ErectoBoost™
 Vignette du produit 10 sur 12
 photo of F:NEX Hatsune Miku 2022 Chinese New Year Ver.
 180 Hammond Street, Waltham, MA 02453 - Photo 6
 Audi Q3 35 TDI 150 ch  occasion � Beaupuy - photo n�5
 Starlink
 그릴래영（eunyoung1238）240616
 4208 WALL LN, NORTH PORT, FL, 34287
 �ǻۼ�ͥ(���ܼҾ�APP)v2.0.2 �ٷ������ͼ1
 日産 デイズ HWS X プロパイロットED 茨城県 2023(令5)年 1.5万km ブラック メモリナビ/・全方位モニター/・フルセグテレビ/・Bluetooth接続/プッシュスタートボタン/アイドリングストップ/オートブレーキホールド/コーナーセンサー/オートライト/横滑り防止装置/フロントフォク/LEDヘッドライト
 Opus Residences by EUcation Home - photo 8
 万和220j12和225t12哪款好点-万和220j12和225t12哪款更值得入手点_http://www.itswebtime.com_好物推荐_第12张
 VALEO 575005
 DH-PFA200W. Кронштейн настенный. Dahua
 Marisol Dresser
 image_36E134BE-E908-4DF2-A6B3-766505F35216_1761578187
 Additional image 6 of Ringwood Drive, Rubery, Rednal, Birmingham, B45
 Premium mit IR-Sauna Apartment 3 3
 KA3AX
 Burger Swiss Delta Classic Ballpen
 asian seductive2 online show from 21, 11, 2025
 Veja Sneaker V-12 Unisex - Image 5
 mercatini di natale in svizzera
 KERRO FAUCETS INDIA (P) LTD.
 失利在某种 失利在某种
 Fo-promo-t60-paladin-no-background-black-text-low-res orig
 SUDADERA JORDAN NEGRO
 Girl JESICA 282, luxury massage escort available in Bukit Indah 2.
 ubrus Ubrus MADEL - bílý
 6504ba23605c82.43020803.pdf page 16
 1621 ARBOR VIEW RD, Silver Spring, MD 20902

WORK TO BE COMPLETED:
Retype each line of the data exactly as it reads.

WRITTEN RESPONSE:
ErectoBoost™
 Vignette du produit 10 sur 12
 photo of F:NEX Hatsune Miku 2022 Chinese New Year Ver.
 180 Hammond Street, Waltham, MA 02453 - Photo 6
 Audi Q3 35 TDI 150 ch  occasion � Beaupuy - photo n�5
 Starlink
 그릴래영（eunyoung1238）240616
 4208 WALL LN, NORTH PORT, FL, 34287
 �ǻۼ�ͥ(���ܼҾ�APP)v2.0.2 �ٷ������ͼ1
 日産 デイズ HWS X プロパイロットED 茨城県 2023(令5)年 1.5万km ブラック メモリナビ/・全方位モニター/・フルセグテレビ/・Bluetooth接続/プッシュスタートボタン/アイドリングストップ/オートブレーキホールド/コーナーセンサー/オートライト/横滑り防止装置/フロントフォク/LEDヘッドライト
 Opus Residences by EUcation Home - photo 8
 万和220j12和225t12哪款好点-万和220j12和225t12哪款更值得入手点_http://www.itswebtime.com_好物推荐_第12张
 VALEO 575005
 DH-PFA200W. Кронштейн настенный. Dahua
 Marisol Dresser
 image_36E134BE-E908-4DF2-A6B3-766505F35216_1761578187
 Additional image 6 of Ringwood Drive, Rubery, Rednal, Birmingham, B45
 Premium mit IR-Sauna Apartment 3 3
 KA3AX
 Burger Swiss Delta Classic Ballpen
 asian seductive2 online show from 21, 11, 2025
 Veja Sneaker V-12 Unisex - Image 5
 mercatini di natale in svizzera
 KERRO FAUCETS INDIA (P) LTD.
 失利在某种 失利在某种
 Fo-promo-t60-paladin-no-background-black-text-low-res orig
 SUDADERA JORDAN NEGRO
 Girl JESICA 282, luxury massage escort available in Bukit Indah 2.
 ubrus Ubrus MADEL - bílý
 6504ba23605c82.43020803.pdf page 16
 1621 ARBOR VIEW RD, Silver Spring, MD 20902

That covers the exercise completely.